The city of Boulder is continuing to monitor the water and the situation in conjunction with the Colorado Department of Health and Environment and the Boulder City Health Department, Rait added.

After the original incident on June 9, 22 NIST staff and associates who had been working in or near the lab were asked to remain in the immediate area until they could be monitored for any radioactive materials on their clothing and bodies removed.

The laboratory room and an adjacent lab in NIST’s Building One were immediately sealed off.

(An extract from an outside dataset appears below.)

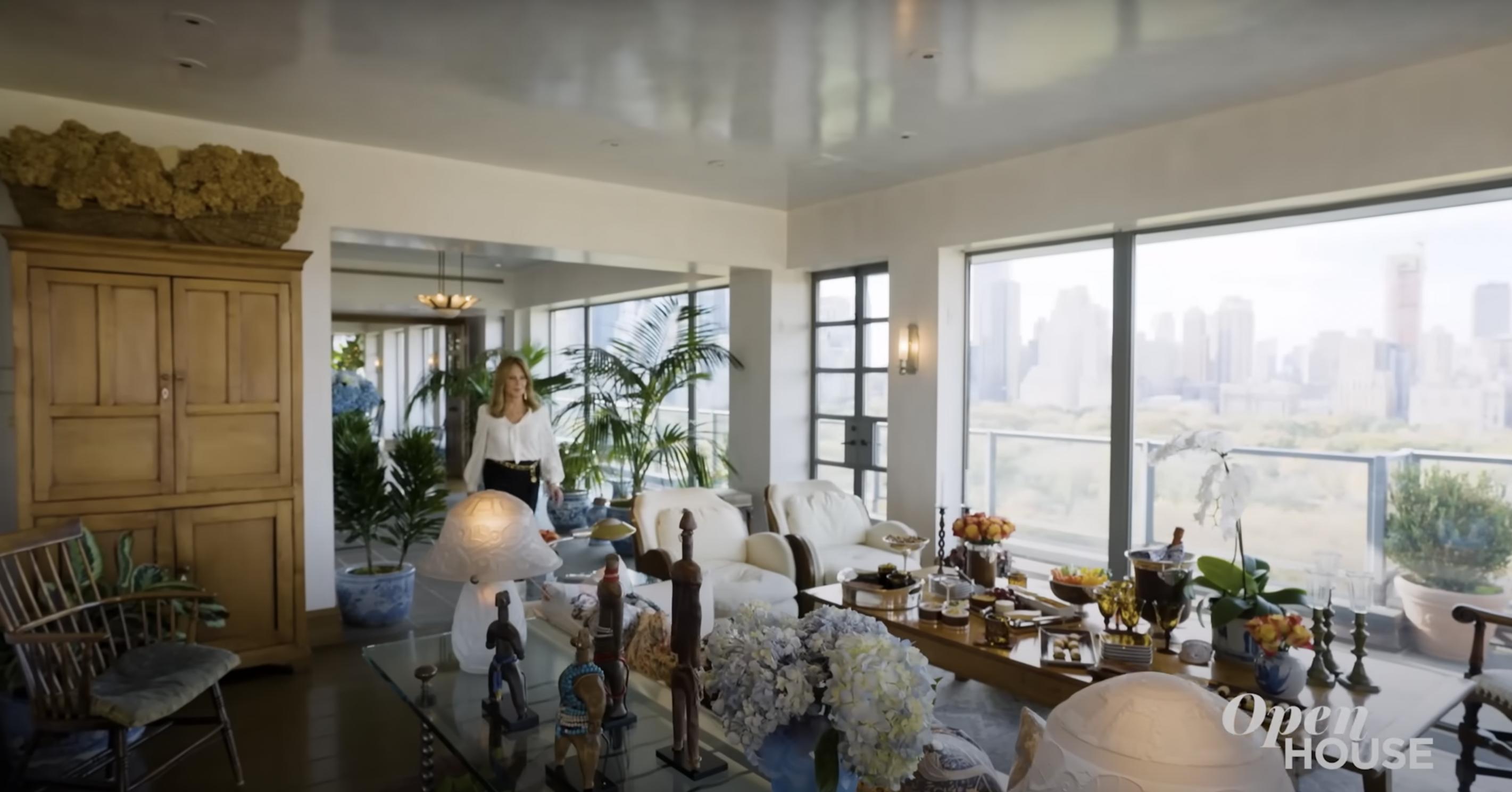 Marlo Thomas and Phil Donahue's living room in their New York home. | Source: YouTube/Open House TV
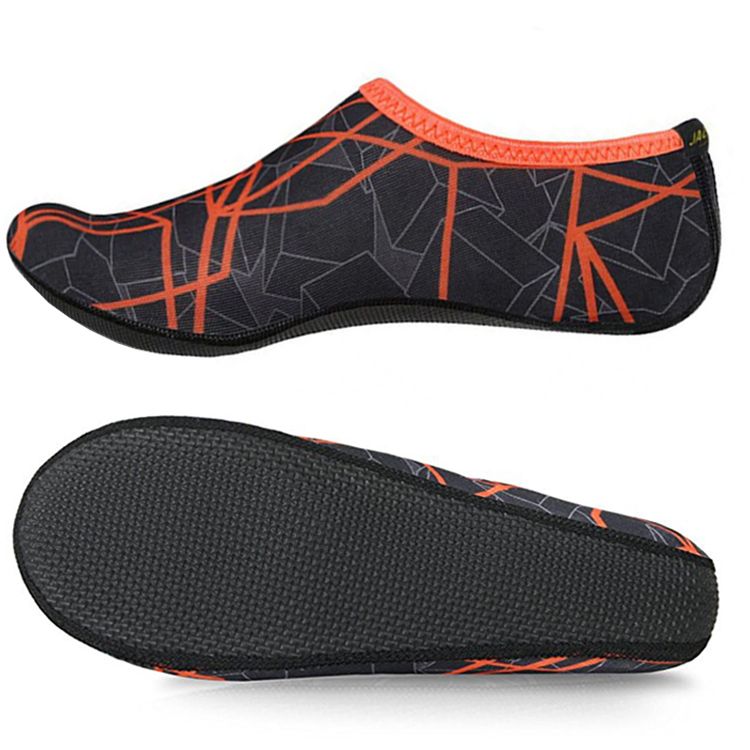 Waterschoenen (zwart & rood)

Four days later, on Friday, June 13, NIST officials said that additional trace amounts of contamination were found in the office and a nearby stairway used by a laboratory researcher who had been exposed.

The office is in a different hallway than the original laboratory room where the incident occurred. The survey showed trace amounts of contamination on one desk, a lab notebook on the desk, and the chair associated with the desk, which had been used by the researcher.

Turner, the NIST deputy director, said that the agency has asked for additional help from other federal agencies and outside experts “because we want to be sure that we fully understand how this incident occurred. We want to make sure we clean up the contamination properly and we want to know if there are any improvements we can make in our safety program.”

Kenneth C. Rogers, former commissioner of the Nuclear Regulatory Commission from 1987 to 1997, has agreed to assist NIST into an investigation of the causes of the June 9 incident and to evaluate the effectiveness of NIST’s actions in responding to the the event.

NIST said the experts will make site visits to NIST in both Boulder and Gaithersburg, Md.

“They will conduct interviews and gather facts, receive access to NIST data and information on the incident, and then inform NIST of their findings,” said Ost. “the information provided by these experts will be used by NIST to prevent similar incidents in the future.”